DIRECTIONS. Leave every picture out, and print the full listing again exactly.

+++++

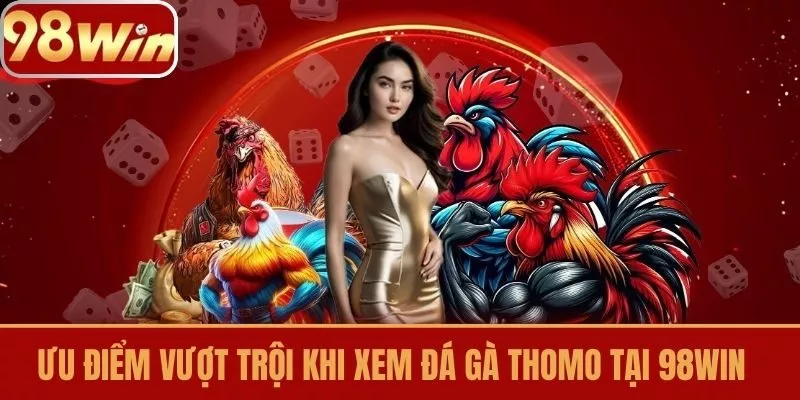 Ưu điểm vượt trội khi xem đá gà Thomo tại 98Win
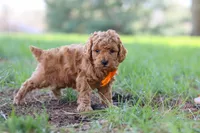 Oscar, a male Poodle - Toy  for sale in Dundee, OH – Photo 5 of 7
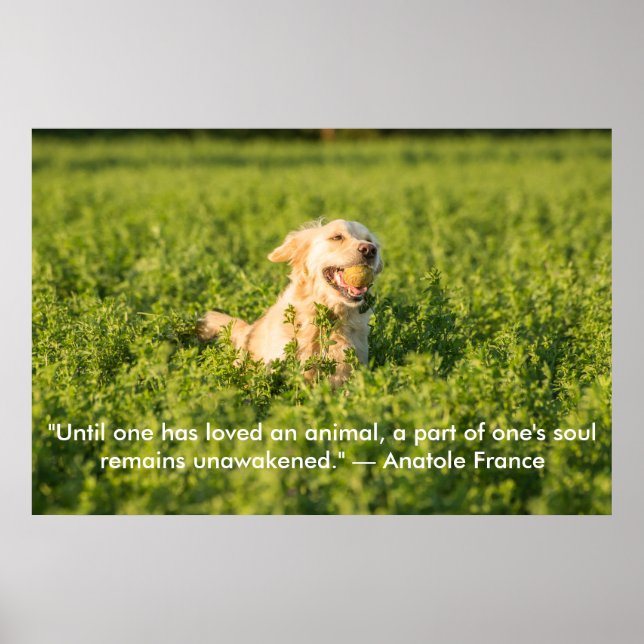 Póster Poster of Golden Retriever with Quote (Frente)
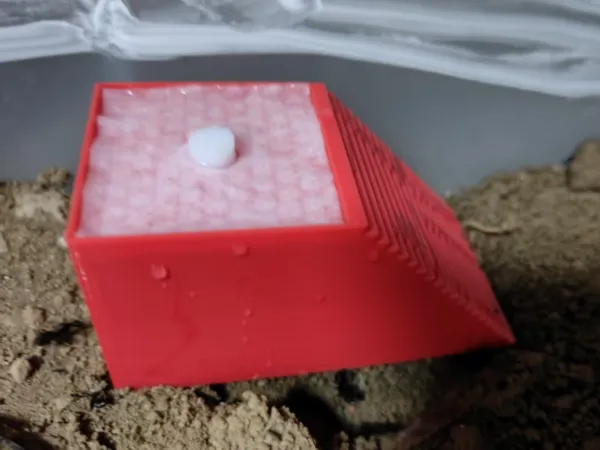 https://makerworld.bblmw.com/makerworld/model/DSM00000001497823/design/2025-06-08_7618e9bee8bbd.jpg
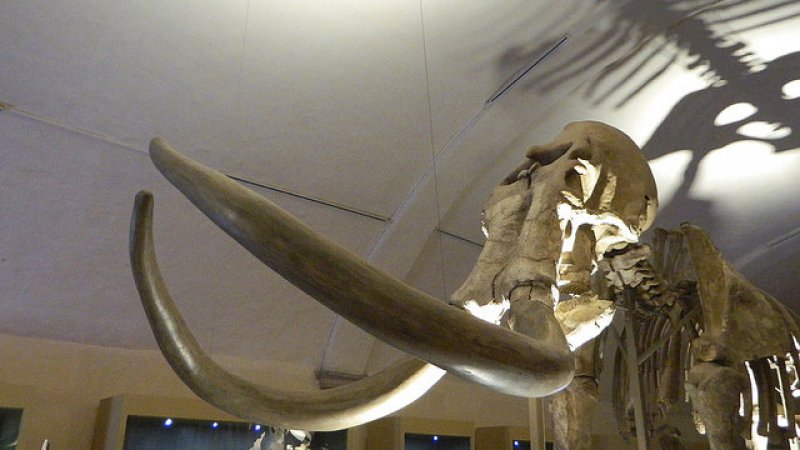 Szkielet mamuta (fot. foter.com)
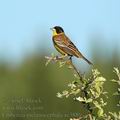 Emberiza_melanocephala_ae3886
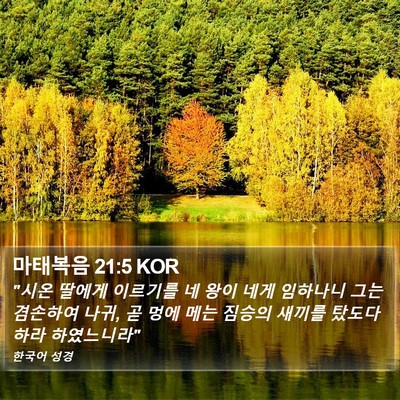 마태복음 21:5 KOR Bible Verse Image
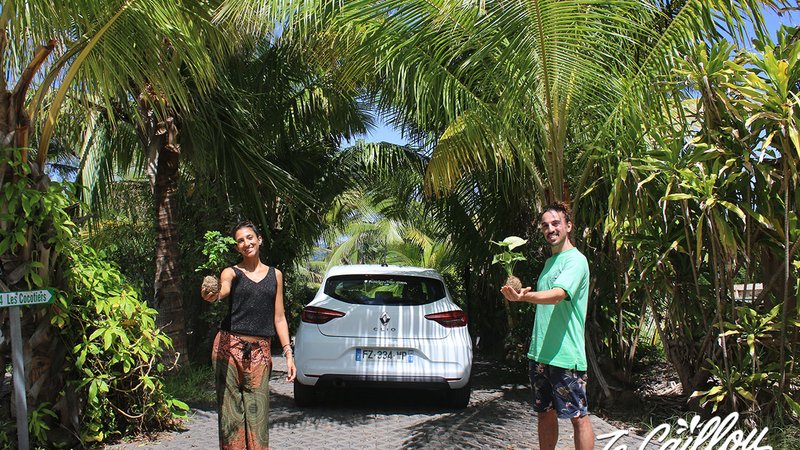 0-nouloutou-kokedama-reunion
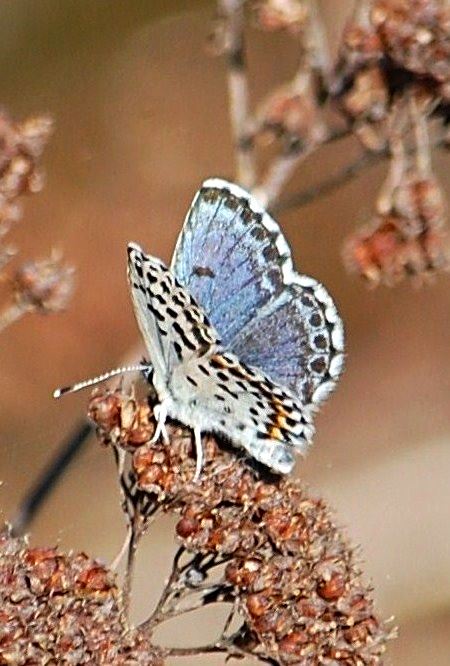 Valokuvaaja: Antti Kaskinen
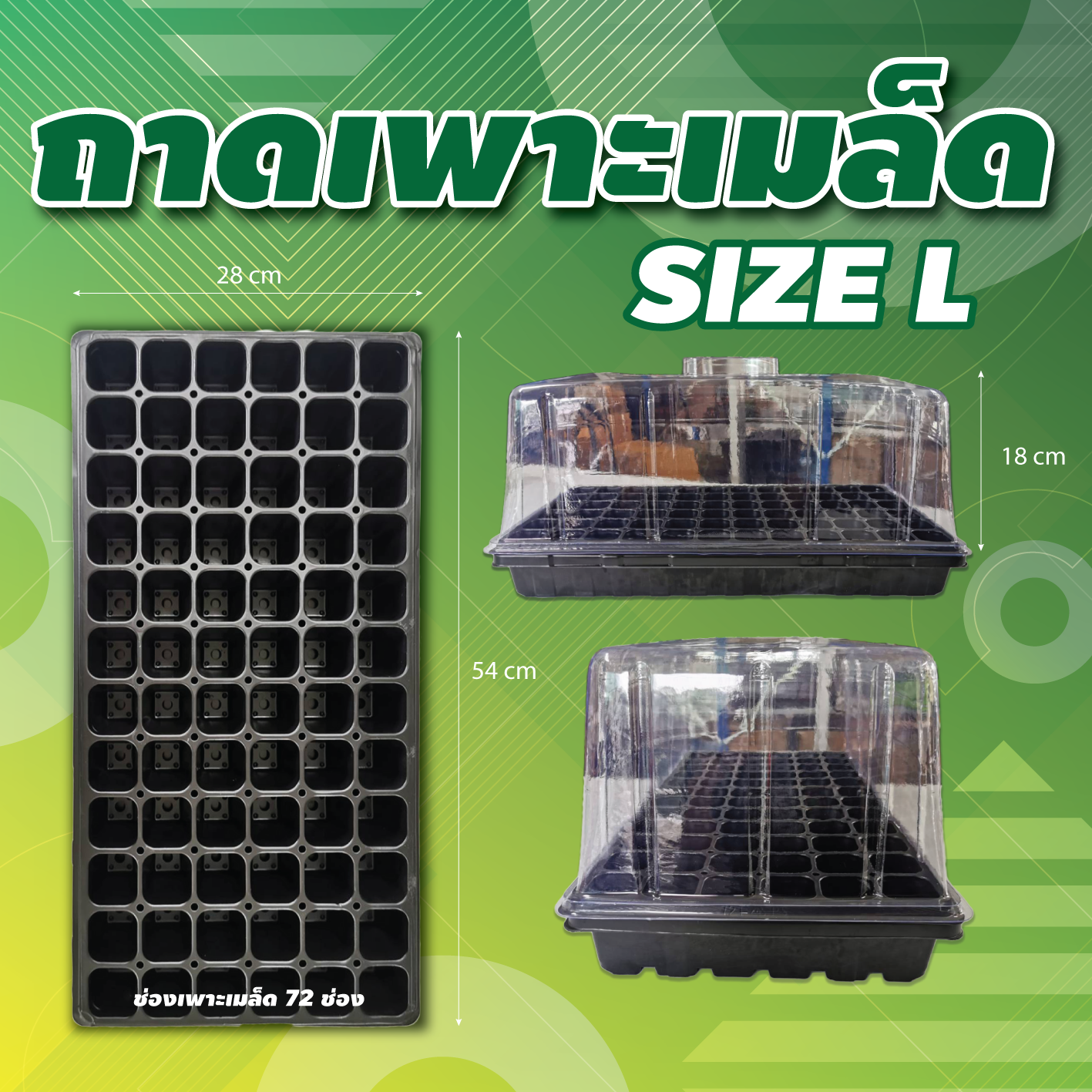 ถาดเพาะเมล็ด ถาดชำ ถาดโคลนนิ่ง 72 ช่องปลูก โดมสูงพิเศษ Greenhouse_High Dome_Large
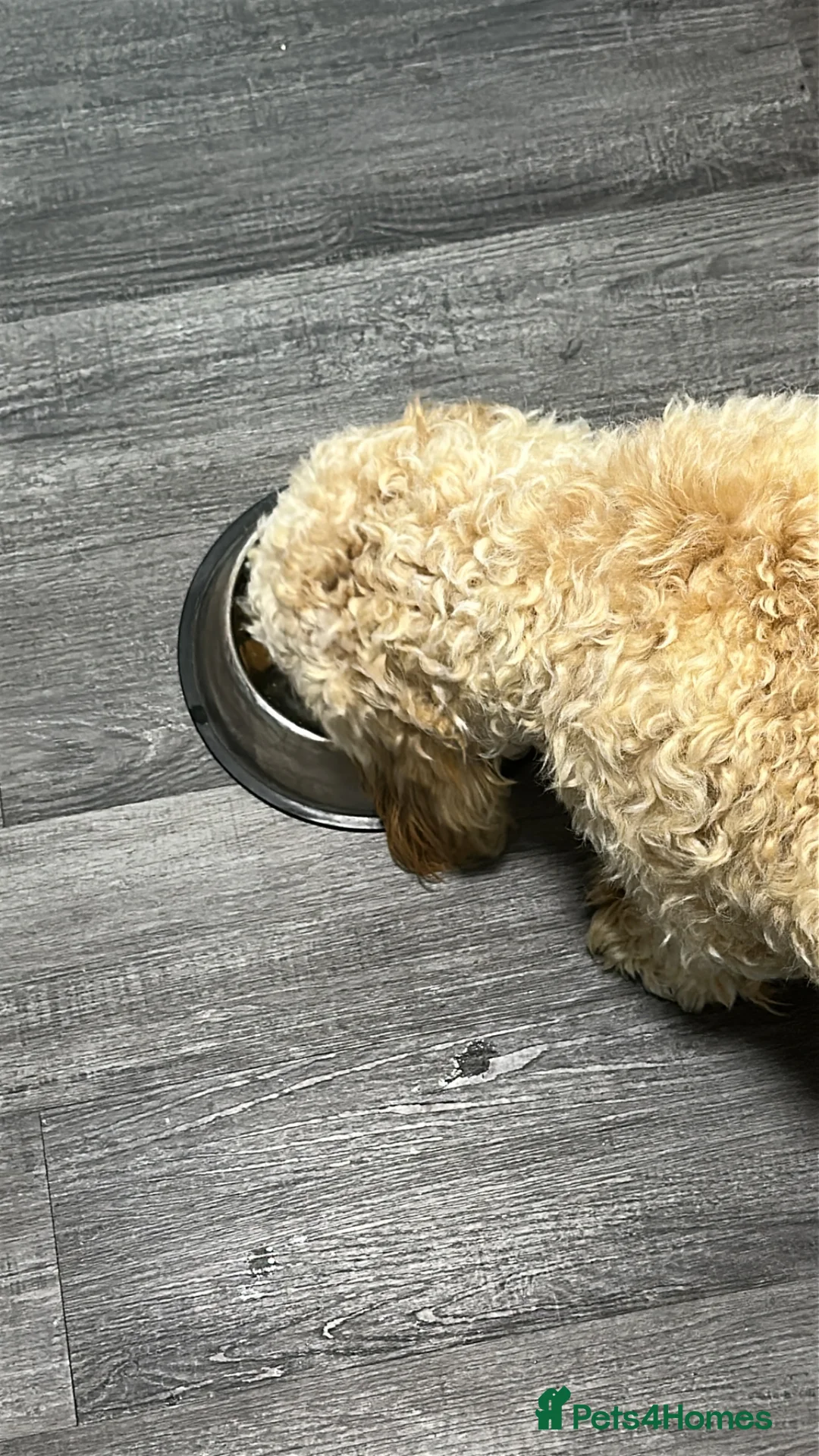 Cavapoo dogs for sale: Beautiful male cavapooo  - Advert 9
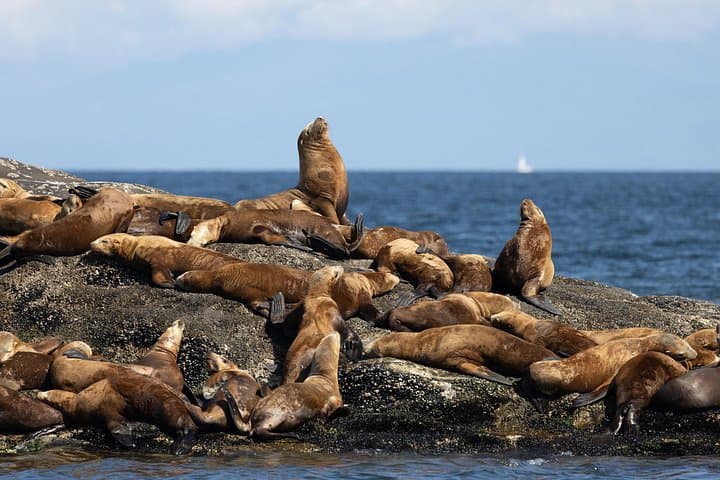 Winter Eco Tour on the Salish Sea — Whale & Seal Watching from Steveston photo 3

+++++

RESPONSE TO THE TASK.
 Ưu điểm vượt trội khi xem đá gà Thomo tại 98Win
 Oscar, a male Poodle - Toy  for sale in Dundee, OH – Photo 5 of 7
 Póster Poster of Golden Retriever with Quote (Frente)
 https://makerworld.bblmw.com/makerworld/model/DSM00000001497823/design/2025-06-08_7618e9bee8bbd.jpg
 Szkielet mamuta (fot. foter.com)
 Emberiza_melanocephala_ae3886
 마태복음 21:5 KOR Bible Verse Image
 0-nouloutou-kokedama-reunion
 Valokuvaaja: Antti Kaskinen
 ถาดเพาะเมล็ด ถาดชำ ถาดโคลนนิ่ง 72 ช่องปลูก โดมสูงพิเศษ Greenhouse_High Dome_Large
 Cavapoo dogs for sale: Beautiful male cavapooo  - Advert 9
 Winter Eco Tour on the Salish Sea — Whale & Seal Watching from Steveston photo 3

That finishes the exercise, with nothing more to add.